### Task item
Beneath this instruction is a block of data; output from it exactly the lines that run from the one containing "Open-concept living area" through the one containing "French circa 1780", inclusive.

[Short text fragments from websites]
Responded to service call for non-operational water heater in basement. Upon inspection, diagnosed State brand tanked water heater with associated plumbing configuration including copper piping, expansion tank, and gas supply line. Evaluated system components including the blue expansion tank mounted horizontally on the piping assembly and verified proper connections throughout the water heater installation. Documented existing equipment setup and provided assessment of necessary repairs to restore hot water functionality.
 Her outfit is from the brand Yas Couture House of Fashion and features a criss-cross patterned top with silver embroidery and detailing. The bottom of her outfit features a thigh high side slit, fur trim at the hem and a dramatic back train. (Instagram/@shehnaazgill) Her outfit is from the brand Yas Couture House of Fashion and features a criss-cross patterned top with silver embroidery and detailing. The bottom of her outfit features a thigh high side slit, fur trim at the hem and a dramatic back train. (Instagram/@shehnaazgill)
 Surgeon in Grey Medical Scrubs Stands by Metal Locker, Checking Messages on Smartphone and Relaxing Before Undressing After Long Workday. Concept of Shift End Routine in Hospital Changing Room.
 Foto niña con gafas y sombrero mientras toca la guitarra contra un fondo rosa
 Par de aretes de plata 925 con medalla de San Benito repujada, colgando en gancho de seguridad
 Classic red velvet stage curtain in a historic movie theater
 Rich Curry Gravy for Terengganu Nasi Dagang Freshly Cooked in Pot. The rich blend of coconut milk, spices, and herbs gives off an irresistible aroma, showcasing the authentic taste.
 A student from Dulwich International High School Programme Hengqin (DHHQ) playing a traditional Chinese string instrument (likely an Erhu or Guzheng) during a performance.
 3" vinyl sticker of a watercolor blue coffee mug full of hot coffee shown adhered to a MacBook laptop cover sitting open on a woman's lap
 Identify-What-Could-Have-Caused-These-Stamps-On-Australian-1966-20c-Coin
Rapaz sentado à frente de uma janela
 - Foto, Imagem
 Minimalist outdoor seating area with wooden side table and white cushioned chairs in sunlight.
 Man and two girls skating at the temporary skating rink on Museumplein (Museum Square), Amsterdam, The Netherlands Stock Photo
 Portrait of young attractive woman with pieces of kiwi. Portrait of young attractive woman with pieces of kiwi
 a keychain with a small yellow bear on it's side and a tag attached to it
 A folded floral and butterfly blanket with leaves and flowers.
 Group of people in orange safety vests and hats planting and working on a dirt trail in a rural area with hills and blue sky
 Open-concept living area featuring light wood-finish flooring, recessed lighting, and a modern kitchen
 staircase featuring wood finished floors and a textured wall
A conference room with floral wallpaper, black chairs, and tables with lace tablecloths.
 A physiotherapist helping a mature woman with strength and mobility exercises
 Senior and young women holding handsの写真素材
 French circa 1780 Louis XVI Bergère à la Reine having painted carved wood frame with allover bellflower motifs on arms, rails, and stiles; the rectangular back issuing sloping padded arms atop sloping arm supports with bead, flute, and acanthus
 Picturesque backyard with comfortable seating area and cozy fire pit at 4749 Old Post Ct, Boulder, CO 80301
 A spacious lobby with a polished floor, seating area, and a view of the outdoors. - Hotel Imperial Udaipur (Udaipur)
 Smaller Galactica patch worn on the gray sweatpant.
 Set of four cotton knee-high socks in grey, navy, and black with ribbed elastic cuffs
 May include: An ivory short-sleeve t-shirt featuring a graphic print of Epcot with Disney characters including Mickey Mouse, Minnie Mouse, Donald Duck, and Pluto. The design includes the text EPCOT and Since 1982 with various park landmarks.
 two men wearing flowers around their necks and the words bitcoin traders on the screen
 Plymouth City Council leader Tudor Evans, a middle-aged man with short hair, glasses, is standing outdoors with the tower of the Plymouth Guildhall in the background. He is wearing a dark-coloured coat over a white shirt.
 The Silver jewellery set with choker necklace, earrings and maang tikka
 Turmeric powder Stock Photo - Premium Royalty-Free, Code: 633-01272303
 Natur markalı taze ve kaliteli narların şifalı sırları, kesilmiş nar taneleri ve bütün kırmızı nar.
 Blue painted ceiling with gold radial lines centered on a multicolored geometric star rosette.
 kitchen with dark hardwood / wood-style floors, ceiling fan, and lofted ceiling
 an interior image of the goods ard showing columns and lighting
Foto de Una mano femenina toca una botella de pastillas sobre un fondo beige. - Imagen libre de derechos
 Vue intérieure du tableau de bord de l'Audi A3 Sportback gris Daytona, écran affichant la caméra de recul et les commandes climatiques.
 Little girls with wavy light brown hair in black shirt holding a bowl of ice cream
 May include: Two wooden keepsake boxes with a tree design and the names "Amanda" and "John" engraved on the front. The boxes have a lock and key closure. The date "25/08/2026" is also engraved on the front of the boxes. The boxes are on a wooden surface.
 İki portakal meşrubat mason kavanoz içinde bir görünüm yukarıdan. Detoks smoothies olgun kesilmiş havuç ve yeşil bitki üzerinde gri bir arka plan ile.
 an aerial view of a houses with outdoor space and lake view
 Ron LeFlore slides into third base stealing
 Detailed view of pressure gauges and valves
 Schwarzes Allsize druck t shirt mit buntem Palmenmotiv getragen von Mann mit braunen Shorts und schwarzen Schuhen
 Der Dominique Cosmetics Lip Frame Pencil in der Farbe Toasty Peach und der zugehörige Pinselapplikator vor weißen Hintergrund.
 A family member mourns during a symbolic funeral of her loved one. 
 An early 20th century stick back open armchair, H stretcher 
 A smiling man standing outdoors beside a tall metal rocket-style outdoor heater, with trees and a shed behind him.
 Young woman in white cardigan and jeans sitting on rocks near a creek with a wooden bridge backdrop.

### Answer to the problem
 Open-concept living area featuring light wood-finish flooring, recessed lighting, and a modern kitchen
 staircase featuring wood finished floors and a textured wall
A conference room with floral wallpaper, black chairs, and tables with lace tablecloths.
 A physiotherapist helping a mature woman with strength and mobility exercises
 Senior and young women holding handsの写真素材
 French circa 1780 Louis XVI Bergère à la Reine having painted carved wood frame with allover bellflower motifs on arms, rails, and stiles; the rectangular back issuing sloping padded arms atop sloping arm supports with bead, flute, and acanthus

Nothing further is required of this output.